Unless explicitly stated otherwise, each numerical value and range herein should be interpreted as being approximate as if the word “about” or “approximately” preceded the value of the value or range.
It will be further understood that various changes in the details, materials, and arrangements of the parts which have been described and illustrated in order to explain the nature of this invention may be made by those skilled in the art without departing from the scope of the invention as expressed in the following claims.
It should be understood that the steps of the exemplary methods set forth herein are not necessarily required to be performed in the order described, and the order of the steps of such methods should be understood to be merely exemplary. Likewise, additional steps may be included in such methods, and certain steps may be omitted or combined, in methods consistent with various embodiments of the present invention.

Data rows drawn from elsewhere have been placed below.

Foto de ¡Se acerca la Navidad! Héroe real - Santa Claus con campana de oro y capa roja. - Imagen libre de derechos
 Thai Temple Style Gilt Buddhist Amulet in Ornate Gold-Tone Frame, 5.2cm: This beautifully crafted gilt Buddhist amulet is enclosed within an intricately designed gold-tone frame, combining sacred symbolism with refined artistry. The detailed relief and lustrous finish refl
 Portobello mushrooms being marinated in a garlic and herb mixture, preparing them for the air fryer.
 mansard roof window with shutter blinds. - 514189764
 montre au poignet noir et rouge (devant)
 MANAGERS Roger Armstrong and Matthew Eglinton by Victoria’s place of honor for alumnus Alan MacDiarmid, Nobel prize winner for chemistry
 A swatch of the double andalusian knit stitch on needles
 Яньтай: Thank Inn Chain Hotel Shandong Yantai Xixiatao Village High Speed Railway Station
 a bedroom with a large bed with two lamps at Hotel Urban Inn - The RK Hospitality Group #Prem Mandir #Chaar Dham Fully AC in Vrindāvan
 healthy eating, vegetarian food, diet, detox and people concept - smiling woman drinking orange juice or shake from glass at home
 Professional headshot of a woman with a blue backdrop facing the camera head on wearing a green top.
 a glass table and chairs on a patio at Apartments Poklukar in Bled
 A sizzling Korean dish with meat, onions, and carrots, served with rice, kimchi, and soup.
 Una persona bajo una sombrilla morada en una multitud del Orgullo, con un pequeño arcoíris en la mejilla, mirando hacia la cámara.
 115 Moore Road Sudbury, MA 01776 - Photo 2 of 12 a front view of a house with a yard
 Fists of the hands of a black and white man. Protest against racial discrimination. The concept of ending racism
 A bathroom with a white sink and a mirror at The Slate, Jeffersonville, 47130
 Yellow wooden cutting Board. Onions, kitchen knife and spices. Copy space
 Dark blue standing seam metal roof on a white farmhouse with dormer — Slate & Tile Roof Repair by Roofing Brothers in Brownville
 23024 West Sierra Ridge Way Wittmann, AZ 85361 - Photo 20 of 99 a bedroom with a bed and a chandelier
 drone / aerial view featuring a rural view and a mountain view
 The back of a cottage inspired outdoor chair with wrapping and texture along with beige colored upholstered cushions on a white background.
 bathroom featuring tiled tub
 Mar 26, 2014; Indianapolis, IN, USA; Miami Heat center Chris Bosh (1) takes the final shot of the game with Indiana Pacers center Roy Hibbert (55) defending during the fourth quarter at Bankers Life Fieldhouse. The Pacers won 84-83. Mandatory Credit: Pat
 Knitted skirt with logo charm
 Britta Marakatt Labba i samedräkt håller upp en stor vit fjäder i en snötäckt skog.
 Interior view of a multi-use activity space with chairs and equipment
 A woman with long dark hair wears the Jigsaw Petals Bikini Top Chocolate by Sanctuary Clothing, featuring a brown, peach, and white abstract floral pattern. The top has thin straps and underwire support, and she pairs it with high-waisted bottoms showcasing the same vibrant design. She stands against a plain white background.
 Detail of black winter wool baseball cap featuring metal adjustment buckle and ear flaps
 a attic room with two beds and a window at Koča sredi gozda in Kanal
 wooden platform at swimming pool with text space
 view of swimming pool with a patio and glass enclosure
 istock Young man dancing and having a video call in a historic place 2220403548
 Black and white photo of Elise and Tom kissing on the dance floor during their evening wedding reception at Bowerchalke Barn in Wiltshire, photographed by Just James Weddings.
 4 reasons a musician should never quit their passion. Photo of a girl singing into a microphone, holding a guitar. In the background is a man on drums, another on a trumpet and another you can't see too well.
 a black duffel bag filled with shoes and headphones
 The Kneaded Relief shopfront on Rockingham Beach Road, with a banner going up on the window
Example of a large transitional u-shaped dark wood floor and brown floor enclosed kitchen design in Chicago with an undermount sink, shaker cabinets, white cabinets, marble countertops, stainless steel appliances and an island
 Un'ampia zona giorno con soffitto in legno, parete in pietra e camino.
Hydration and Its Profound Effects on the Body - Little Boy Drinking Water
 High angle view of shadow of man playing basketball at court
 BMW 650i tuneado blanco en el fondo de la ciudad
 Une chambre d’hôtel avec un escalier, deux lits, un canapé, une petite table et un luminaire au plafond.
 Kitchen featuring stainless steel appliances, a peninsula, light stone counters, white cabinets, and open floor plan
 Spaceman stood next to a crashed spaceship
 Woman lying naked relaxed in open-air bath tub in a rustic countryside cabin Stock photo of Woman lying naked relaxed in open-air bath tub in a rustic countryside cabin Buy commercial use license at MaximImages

Reference herein to “one embodiment” or “an embodiment” means that a particular feature, structure, or characteristic described in connection with the embodiment can be included in at least one embodiment of the invention. The appearances of the phrase “in one embodiment” in various places in the specification are not necessarily all referring to the same embodiment, nor are separate or alternative embodiments necessarily mutually exclusive of other embodiments as some embodiments can be combined with other embodiments to form new embodiments. The same applies to the term “implementation.”
The use of terms such as height, length, width, top, bottom, is strictly to facilitate the description of the invention and is not intended to limit the invention to a specific orientation. For example, height does not imply only a vertical rise limitation, but is used to identify one of the three dimensions of a three dimensional structure as shown in the figures. Such “height” would be vertical where the electrodes are horizontal but would be horizontal where the electrodes are vertical, and so on. Similarly, while all figures show the different layers as horizontal layers such orientation is for descriptive purpose only and not to be construed as a limitation.
The terms “couple,” “coupling,” “coupled,” “connect,” “connecting,” or “connected” refer to any manner in which energy is allowed to be transferred between two or more elements, and includes the indirect transfer of energy such that the interposition of one or more additional elements is contemplated, although not required. Conversely, the terms “directly coupled,” “directly connected,” etc., imply the absence of such additional elements.